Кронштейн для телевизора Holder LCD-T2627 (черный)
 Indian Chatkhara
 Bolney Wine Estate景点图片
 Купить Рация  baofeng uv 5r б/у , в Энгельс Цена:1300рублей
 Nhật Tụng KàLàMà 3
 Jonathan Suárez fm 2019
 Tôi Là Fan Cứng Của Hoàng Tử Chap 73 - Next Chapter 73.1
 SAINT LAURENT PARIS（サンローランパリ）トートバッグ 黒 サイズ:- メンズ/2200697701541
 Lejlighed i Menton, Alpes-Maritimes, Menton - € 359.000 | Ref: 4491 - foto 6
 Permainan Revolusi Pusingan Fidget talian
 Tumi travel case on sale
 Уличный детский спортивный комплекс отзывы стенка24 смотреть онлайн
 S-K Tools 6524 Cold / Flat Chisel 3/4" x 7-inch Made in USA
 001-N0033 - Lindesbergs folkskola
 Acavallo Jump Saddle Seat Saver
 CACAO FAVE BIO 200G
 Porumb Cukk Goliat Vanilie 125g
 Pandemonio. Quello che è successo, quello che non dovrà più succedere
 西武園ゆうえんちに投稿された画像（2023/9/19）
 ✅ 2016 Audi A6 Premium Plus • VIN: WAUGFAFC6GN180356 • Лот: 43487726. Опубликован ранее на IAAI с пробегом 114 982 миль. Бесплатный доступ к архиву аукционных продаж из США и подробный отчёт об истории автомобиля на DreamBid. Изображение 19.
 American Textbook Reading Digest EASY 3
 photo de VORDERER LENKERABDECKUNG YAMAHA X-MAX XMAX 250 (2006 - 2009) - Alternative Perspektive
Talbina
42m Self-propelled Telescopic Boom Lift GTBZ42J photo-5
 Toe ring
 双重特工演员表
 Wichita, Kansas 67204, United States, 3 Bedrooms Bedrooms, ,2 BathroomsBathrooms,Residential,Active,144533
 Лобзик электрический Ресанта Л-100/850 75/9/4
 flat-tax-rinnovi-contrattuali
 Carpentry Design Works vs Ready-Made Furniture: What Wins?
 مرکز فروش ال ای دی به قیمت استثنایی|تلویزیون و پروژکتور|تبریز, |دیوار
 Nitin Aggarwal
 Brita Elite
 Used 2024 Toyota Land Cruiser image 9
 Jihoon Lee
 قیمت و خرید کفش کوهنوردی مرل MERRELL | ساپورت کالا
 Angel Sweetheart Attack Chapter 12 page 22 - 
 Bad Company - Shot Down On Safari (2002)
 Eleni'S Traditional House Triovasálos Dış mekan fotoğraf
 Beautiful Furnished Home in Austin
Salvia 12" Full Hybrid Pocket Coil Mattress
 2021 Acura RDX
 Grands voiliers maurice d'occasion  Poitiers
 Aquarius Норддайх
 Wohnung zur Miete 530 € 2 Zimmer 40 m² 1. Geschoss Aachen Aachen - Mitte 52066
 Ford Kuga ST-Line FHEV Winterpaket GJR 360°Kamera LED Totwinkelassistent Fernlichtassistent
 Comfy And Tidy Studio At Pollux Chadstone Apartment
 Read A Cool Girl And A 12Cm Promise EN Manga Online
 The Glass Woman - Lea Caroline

^^^^

▶ **Task to complete**: Could you please report how many lines of the listing above hold the word "Made"? Only the number is needed.

▶ **Output for this task**: 2